General Abbreviations

Abbreviation

Definition

abbr

abbreviation

assn

association

avg

average (mean)

bbl

barrel (quantity of liquid fuel)

capex

capital expense

corr

correlation

db

database

df & dfs

dataframe & dataframes

dir

directory

epxns

expenses

equip

equipment

info

information

mcf

thousand cubic feet (volume of gas)

mmbtu

million British Thermal Units

mw

Megawatt

mwh

Megawatt Hours

num

number

opex

operating expense

pct

percent

ppm

parts per million

ppb

parts per billion

q

(fiscal) quarter

qty

quantity

util & utils

utility & utilities

us

United States

usd

US Dollars

Data Source Specific Abbreviations

Abbreviation

Definition

frc_eia923

Fuel Receipts and Costs (EIA Form 923)

gen_eia923

Generation (EIA Form 923)

gf_eia923

Generation Fuel (EIA Form 923)

gens_eia923

Generators (EIA Form 923)

utils_eia860

Utilities (EIA Form 860)

own_eia860

Ownership (EIA Form 860)

Data Extraction Functions

The lower level namespace uses an imperative verb to identify the action the function performs followed by the object of extraction (e.g. get_eia860_file). The upper level namespace identifies the dataset where extraction is occurring.

Output Functions

When dataframe outputs are built from multiple tables, identify the type of information being pulled (e.g. plants) and the source of the tables (e.g. eia or ferc1). When outputs are built from a single table, simply use the table name (e.g. boiler_fuel_eia923).

Table Names

See this article on database naming conventions.

  • Table names in snake_case

  • The data source should follow the thing it applies to e.g. plant_id_ferc1

Columns and Field Names

  • total should come at the beginning of the name (e.g. total_expns_production)

  • Identifiers should be structured type + _id_ + source where source is the agency or organization that has assigned the ID. (e.g. plant_id_eia)

  • The data source or label (e.g. plant_id_pudl) should follow the thing it is describing

  • Units should be appended to field names where applicable (e.g. net_generation_mwh). This includes “per unit” signifiers (e.g. _pct for percent, _ppm for parts per million, or a generic _per_unit when the type of unit varies, as in columns containing a heterogeneous collection of fuels)

  • Financial values are assumed to be in nominal US dollars.

  • _id indicates the field contains a usually numerical reference to another table, which will not be intelligible without looking up the value in that other table.

  • The suffix _code indicates the field contains a short abbreviation from a well defined list of values, that probably needs to be looked up if you want to understand what it means.

  • The suffix _type (e.g. fuel_type) indicates a human readable category from a well defined list of values. Whenever possible we try to use these longer descriptive names rather than codes.

  • _name indicates a longer human readable name, that is likely not well categorized into a small set of acceptable values.

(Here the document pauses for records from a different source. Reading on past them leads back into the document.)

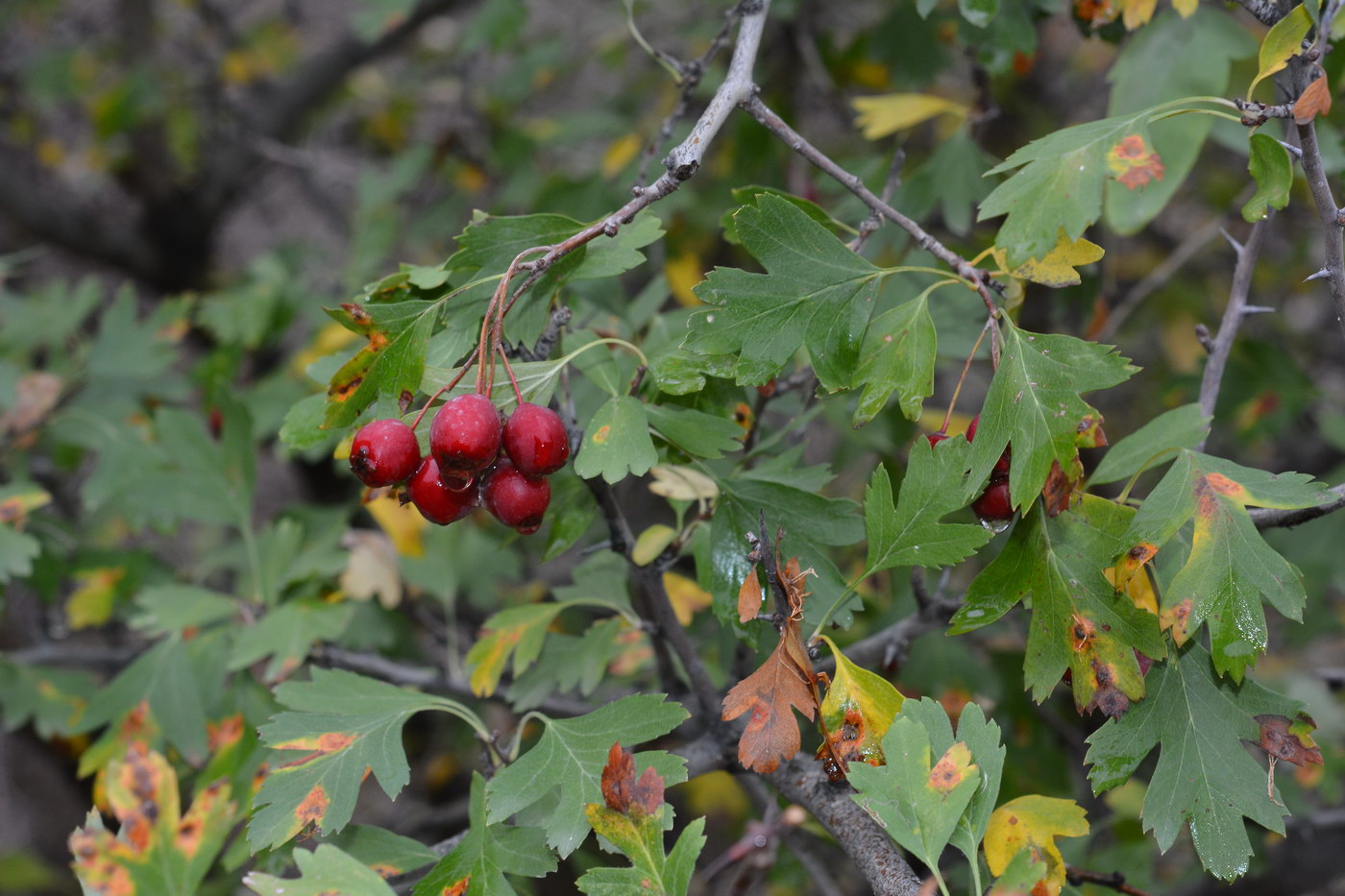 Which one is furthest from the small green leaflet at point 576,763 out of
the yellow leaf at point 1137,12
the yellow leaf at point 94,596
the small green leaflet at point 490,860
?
the yellow leaf at point 94,596

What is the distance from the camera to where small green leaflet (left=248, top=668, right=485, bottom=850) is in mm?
977

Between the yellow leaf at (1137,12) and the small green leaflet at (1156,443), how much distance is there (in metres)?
0.51

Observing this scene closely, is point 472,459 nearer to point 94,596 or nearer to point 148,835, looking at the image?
point 148,835

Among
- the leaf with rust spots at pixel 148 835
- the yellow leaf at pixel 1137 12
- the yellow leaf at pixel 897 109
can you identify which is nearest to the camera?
the leaf with rust spots at pixel 148 835

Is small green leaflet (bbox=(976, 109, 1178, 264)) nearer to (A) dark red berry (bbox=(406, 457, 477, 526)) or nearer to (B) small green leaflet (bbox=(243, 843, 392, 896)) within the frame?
(A) dark red berry (bbox=(406, 457, 477, 526))

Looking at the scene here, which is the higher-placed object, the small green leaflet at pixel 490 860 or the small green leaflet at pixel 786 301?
the small green leaflet at pixel 786 301

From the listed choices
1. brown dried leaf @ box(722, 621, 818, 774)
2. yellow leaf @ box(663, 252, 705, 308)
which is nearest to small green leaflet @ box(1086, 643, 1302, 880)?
brown dried leaf @ box(722, 621, 818, 774)

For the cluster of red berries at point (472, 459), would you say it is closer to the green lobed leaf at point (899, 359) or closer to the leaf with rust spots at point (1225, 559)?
the green lobed leaf at point (899, 359)

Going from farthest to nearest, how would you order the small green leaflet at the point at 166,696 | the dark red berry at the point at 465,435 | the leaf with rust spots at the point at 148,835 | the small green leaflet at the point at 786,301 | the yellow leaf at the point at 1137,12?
the small green leaflet at the point at 166,696 < the yellow leaf at the point at 1137,12 < the leaf with rust spots at the point at 148,835 < the small green leaflet at the point at 786,301 < the dark red berry at the point at 465,435

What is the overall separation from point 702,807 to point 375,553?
121cm

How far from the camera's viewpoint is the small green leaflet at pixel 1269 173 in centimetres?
85

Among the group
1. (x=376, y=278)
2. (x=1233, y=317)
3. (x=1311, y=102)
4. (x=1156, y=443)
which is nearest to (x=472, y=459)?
(x=1156, y=443)

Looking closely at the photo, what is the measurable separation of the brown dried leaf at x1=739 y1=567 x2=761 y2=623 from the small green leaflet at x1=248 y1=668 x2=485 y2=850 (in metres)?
0.35

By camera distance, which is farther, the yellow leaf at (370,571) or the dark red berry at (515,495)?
the yellow leaf at (370,571) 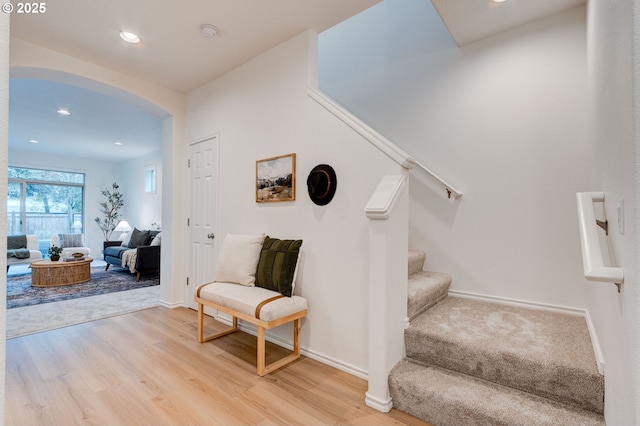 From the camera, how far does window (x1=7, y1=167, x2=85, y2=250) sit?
7340 mm

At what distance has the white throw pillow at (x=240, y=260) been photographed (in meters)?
2.63

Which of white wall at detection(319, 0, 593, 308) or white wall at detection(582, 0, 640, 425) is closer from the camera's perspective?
white wall at detection(582, 0, 640, 425)

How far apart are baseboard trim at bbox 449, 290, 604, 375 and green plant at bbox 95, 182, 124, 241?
944 centimetres

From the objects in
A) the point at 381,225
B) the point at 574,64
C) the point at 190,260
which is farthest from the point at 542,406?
the point at 190,260

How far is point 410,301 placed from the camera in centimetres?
210

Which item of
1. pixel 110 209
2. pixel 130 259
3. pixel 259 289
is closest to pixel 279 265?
pixel 259 289

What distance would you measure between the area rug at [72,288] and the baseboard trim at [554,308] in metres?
5.00

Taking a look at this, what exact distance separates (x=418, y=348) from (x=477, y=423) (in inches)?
20.1

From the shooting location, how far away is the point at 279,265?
2.43 metres

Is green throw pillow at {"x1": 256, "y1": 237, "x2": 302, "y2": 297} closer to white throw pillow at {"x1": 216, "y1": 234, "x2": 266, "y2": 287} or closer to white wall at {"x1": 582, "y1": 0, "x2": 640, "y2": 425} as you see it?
white throw pillow at {"x1": 216, "y1": 234, "x2": 266, "y2": 287}

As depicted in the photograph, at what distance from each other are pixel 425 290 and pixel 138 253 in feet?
16.8

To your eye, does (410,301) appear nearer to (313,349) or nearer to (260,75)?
(313,349)

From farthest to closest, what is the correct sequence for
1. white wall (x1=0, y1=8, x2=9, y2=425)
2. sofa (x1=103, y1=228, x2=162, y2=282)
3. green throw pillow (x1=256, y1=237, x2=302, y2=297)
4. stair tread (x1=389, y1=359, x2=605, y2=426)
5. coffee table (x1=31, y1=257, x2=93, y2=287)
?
sofa (x1=103, y1=228, x2=162, y2=282), coffee table (x1=31, y1=257, x2=93, y2=287), green throw pillow (x1=256, y1=237, x2=302, y2=297), stair tread (x1=389, y1=359, x2=605, y2=426), white wall (x1=0, y1=8, x2=9, y2=425)

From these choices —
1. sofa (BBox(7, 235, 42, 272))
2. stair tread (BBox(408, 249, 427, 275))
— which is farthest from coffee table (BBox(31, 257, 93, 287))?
stair tread (BBox(408, 249, 427, 275))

  • _date indicates the field contains a Date object.

  • _datetime indicates the field contains a full Datetime object.

  • _year indicates the field contains an integer 4-digit year.

  • capacity refers to nameplate capacity (e.g. capacity_mw)– other specific types of capacity are annotated.

  • Regardless of what label utilities are given in the original data source (e.g. operator in EIA or respondent in FERC) we refer to them as utilities in PUDL.